In biomaterials research, PEMs intended for in vivo application are often formed in more ideal solution conditions (i.e. simpler and more dilute electrolyte composition, pH below 6) than those representative of the physiological environment (higher salt concentration, osmolarity ~0.15 M, and a pH that can vary depending on the fluid). In order to mimic physiological conditions, phosphate buffered saline (PBS) is often used as the fluid from which subsequent interactions can be studied, such as the loading of biological molecules into the PEMs [33], [34], [35], [36], [37], [38], [39], [40], [41], [42], [43]. The effect of phosphate ions on synthetic and biopolymer PEMs has been investigated, with PEM films observed to become more swollen and softer in the presence of phosphate [25], [28].

For PEMs aimed towards biological applications, the impact of changing the electrolyte solution is of interest as it changes their physical properties and their ability to interact with biomolecules. In this work, we have chosen to investigate the influence of electrolyte change (between formation and physiological conditions) on the multilayer itself, and the subsequent interactions with a relevant enzyme from a biomaterials perspective. The PEM used in this work was composed of Fucus vesiculosus fucoidan, a sulfated polyanion sourced from brown seaweed, and Protosan a type of chitosan (deacetylated chitin polycation) derived from fungi. Both polymers have potential application as anti-pathogenic materials [44], [45]. Both polymers used are pharmaceutical grade materials, and therefore are ideal for the study of surface coatings that have potential for clinical applications.

The enzyme used in this work is lysozyme (LYZ), a positively charged protein of approximately 14 kDa which is predominantly found in secretory fluids, including tears [46], [47]. Lysozyme is responsible for the catalytic hydrolysis of β(1 → 4) glycosidic linkages at the C₄ atom within an N-acetyl-d-glucosamine unit. These glycosidic linkages can be found within chitosan, a constituent of our PEM films. Chitosan has been shown to be degraded by lysozyme in chitosan/hyaluronic acid PEMs [48]. Fucoidan contains α(1 → 3) glycosidic linkages [49], and therefore cannot be hydrolysed by lysozyme.
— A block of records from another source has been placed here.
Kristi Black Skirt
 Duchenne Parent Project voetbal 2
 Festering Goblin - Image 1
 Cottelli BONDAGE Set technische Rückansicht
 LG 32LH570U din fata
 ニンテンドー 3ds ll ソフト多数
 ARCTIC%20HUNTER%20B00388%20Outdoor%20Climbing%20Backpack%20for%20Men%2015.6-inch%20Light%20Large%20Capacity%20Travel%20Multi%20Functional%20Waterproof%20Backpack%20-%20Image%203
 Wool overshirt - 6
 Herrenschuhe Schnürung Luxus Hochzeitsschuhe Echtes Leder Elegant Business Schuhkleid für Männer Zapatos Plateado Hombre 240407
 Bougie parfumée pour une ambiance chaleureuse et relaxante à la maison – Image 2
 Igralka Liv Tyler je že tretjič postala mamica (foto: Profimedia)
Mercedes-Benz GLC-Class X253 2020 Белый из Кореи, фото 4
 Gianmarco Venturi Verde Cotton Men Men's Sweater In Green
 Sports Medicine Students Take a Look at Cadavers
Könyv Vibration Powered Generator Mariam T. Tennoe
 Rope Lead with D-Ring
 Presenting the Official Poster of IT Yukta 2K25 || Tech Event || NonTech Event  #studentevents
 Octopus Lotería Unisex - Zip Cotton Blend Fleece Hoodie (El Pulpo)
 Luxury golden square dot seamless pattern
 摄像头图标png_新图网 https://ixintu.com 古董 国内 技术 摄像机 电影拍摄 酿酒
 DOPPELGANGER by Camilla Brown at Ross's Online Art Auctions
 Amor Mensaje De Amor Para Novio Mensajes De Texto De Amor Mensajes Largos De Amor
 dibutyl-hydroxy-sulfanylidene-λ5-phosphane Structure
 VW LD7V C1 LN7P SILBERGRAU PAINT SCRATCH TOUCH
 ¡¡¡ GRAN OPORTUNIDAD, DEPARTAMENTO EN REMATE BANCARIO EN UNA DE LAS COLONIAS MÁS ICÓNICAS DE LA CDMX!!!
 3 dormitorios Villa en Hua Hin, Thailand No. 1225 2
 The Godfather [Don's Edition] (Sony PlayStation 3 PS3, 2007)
Catalytic hydrolysis is the reason behind the anti-bacterial nature of lysozyme; it degrades the cell wall of gram-positive bacteria through its action on peptidoglycan [47]. Creating a PEM film composed of anti-pathogenic polyelectrolytes with the ability to harvest lysozyme from tears may have an application as an antibacterial coating for contact lenses that act by exploiting and enhancing the body’s natural defenses.

To get a clear sense of the chemical and physical changes within the PEM during formation, electrolyte change, and exposure to an enzyme, we have chosen to use attenuated total reflection (ATR) FTIR. Critically, we have made use of ATR internal reflection element (IRE) materials that have allowed us to selectively study penetration and diffusion within the PEM, and separate this process from surface adsorption onto the PEM. In addition to obtaining information on the chemical changes that occur during PBS and enzyme exposure, we have used atomic force microscopy (AFM) imaging to determine the physical changes in the film, including morphology, thickness, and rigidity. These two techniques have provided a detailed picture of the evolution of the PEM during exposure to a simulated biological environment.